*SUPPLIED DATA*.
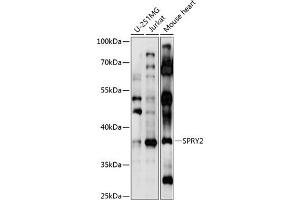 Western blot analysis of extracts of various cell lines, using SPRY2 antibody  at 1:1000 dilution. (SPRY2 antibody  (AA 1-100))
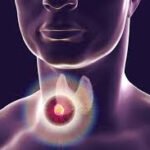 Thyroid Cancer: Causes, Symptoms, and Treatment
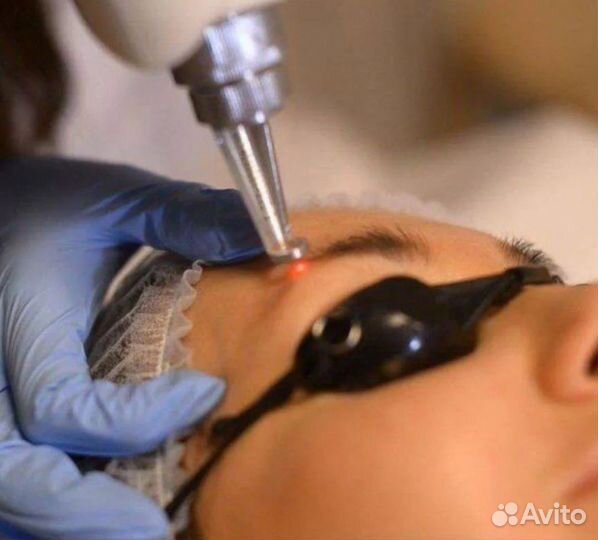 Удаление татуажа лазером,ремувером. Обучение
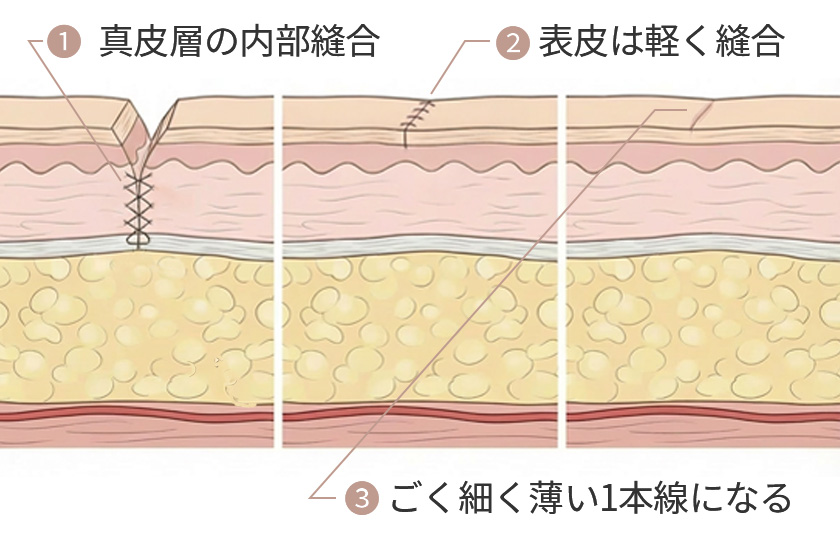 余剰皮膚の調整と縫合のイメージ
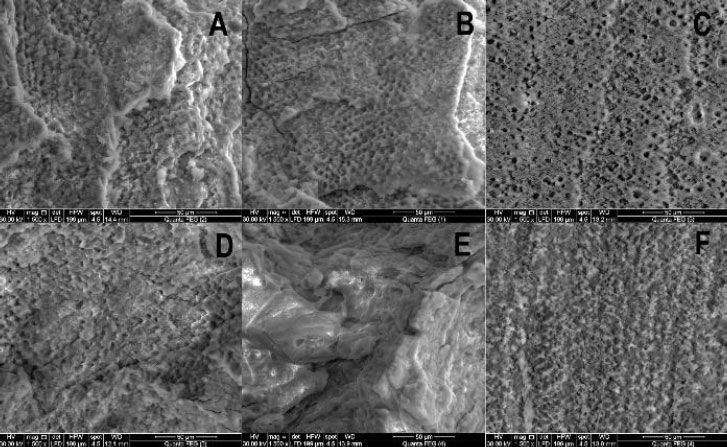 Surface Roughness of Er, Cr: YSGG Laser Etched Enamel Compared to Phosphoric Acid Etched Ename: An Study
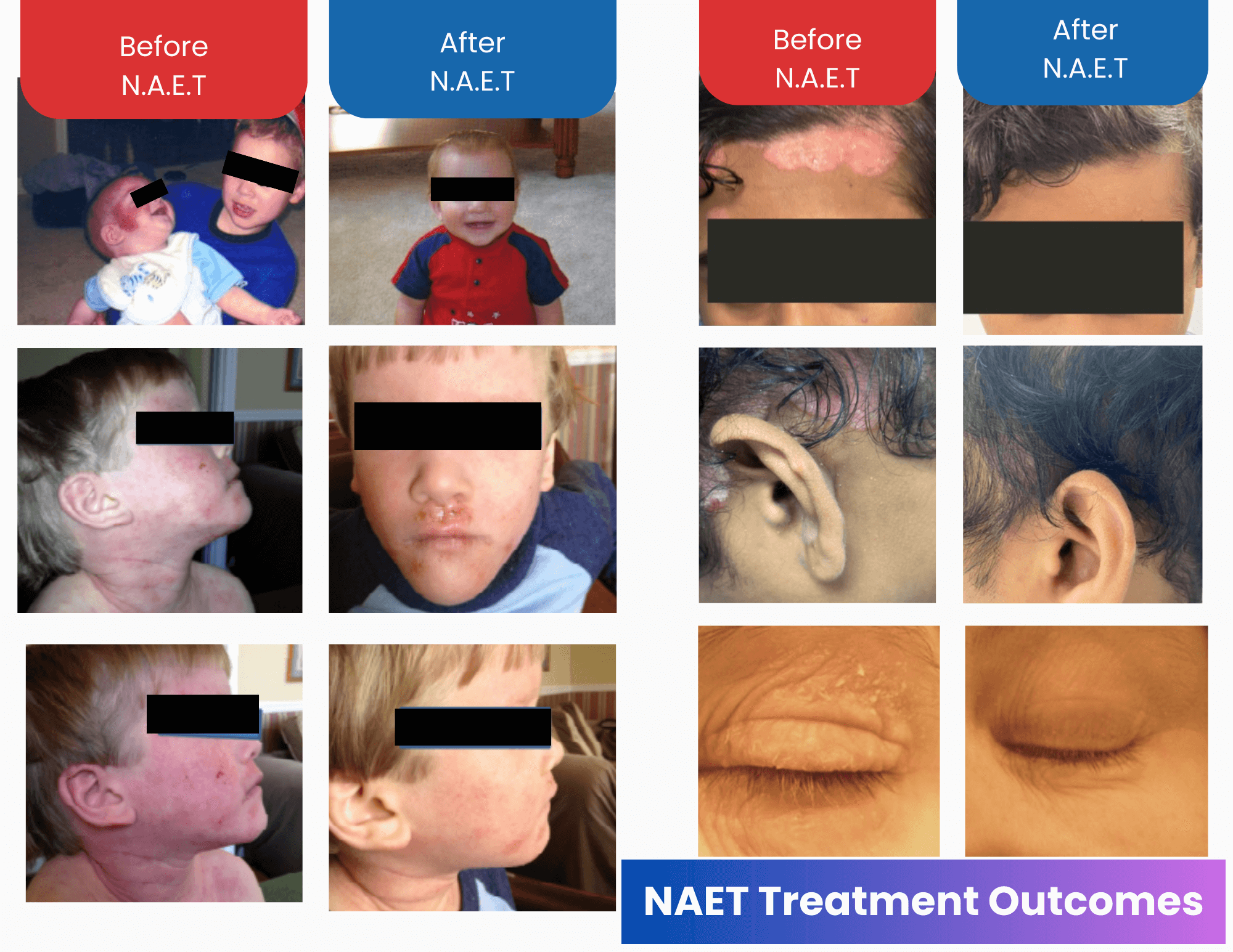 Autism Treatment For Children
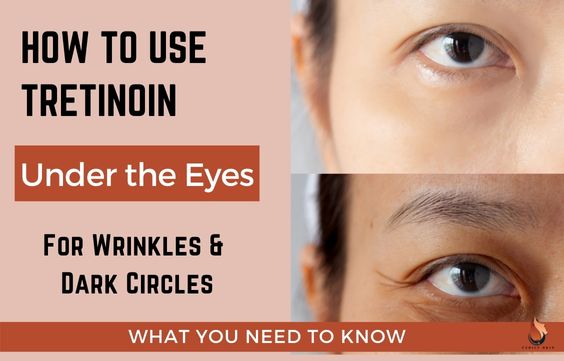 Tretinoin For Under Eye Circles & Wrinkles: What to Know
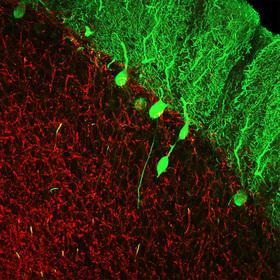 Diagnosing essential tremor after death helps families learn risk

* * *

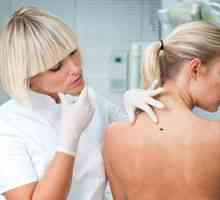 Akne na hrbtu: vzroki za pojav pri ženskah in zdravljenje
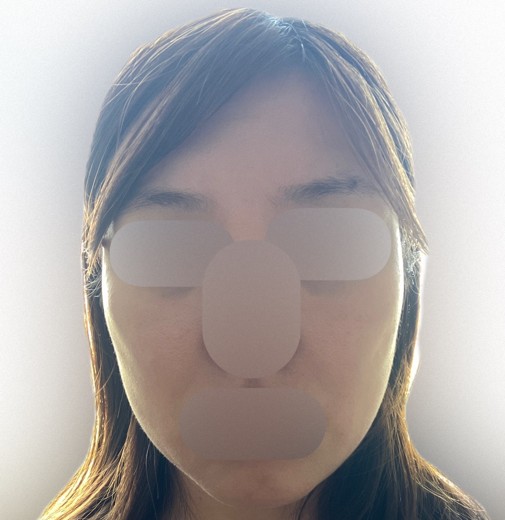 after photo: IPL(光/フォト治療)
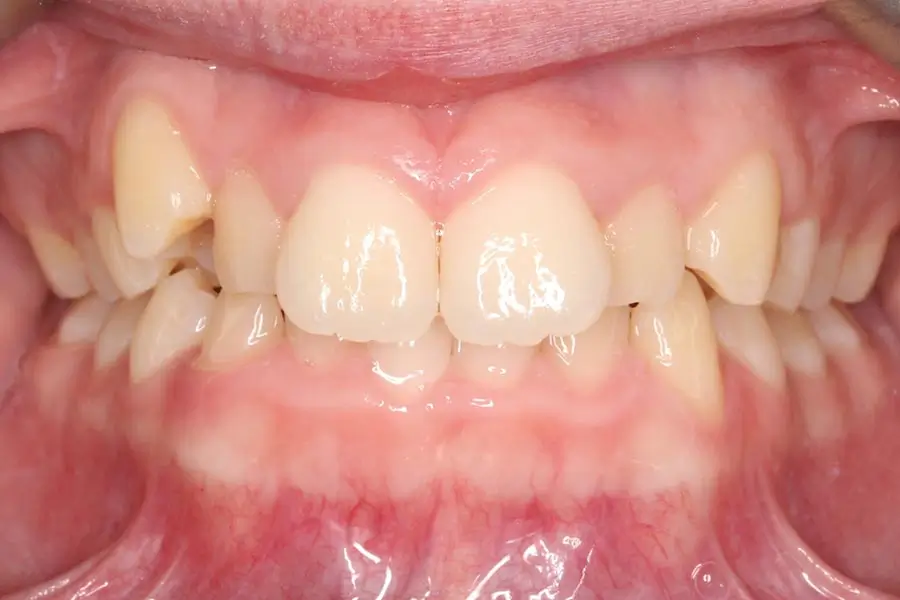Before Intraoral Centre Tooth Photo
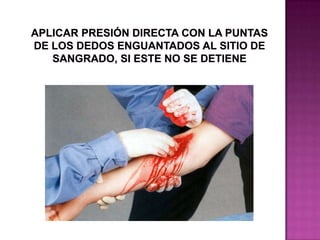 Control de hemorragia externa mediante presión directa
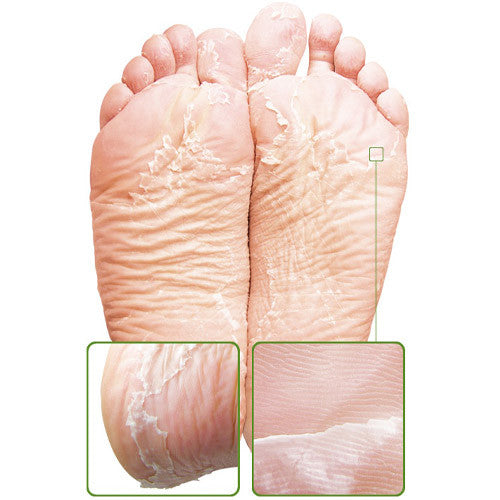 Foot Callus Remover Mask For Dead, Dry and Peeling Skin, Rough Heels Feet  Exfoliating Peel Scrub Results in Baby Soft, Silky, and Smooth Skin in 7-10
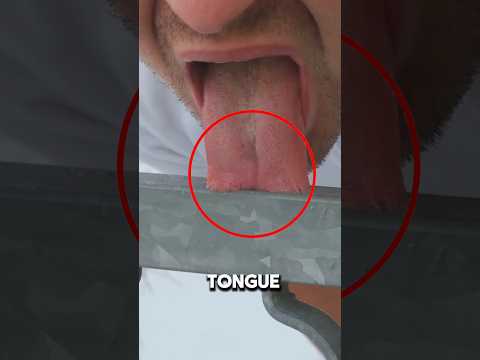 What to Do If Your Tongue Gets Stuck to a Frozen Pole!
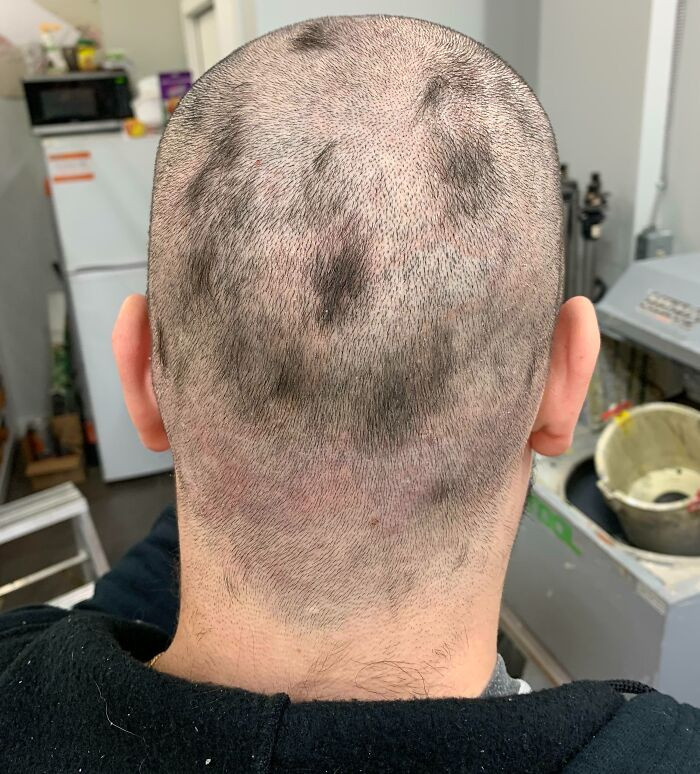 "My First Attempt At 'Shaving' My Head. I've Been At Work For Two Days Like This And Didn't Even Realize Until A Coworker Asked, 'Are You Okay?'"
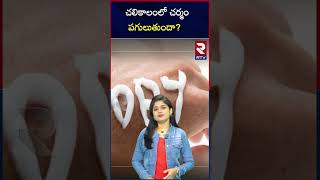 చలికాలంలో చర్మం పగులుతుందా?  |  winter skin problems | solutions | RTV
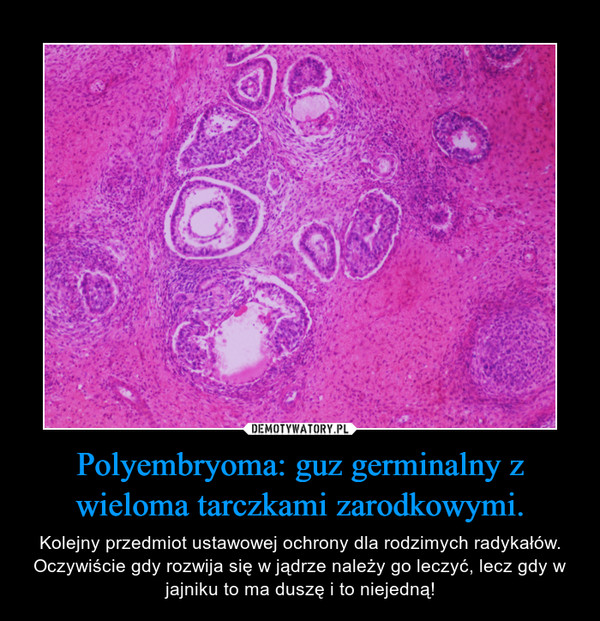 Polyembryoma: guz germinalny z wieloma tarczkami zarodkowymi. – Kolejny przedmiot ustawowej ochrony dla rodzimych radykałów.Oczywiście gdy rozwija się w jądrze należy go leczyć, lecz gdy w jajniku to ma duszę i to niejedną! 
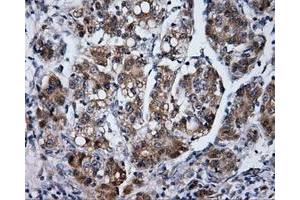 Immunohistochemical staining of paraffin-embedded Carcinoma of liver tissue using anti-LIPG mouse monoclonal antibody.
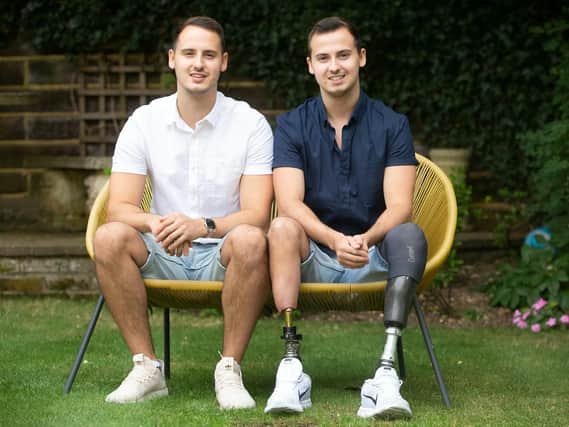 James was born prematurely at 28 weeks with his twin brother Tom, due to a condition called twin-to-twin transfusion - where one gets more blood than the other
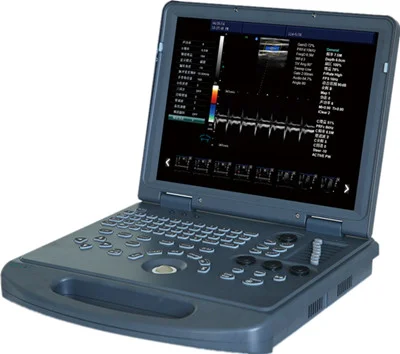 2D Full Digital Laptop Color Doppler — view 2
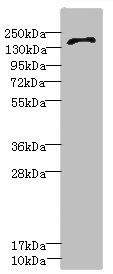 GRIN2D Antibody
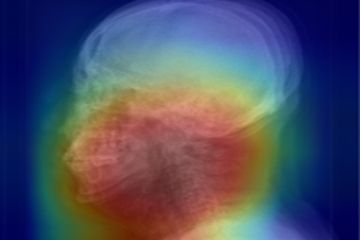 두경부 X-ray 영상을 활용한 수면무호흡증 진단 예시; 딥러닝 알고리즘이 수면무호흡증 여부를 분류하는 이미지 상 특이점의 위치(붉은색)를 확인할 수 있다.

*THE TASK*. All that should appear in the answer is the lines above from the line with "Surface Roughness of" through the line with "Diagnosing essential tremor", retyped exactly, pictures left out.

*OUTPUT*.
 Surface Roughness of Er, Cr: YSGG Laser Etched Enamel Compared to Phosphoric Acid Etched Ename: An Study
 Autism Treatment For Children
 Tretinoin For Under Eye Circles & Wrinkles: What to Know
 Diagnosing essential tremor after death helps families learn risk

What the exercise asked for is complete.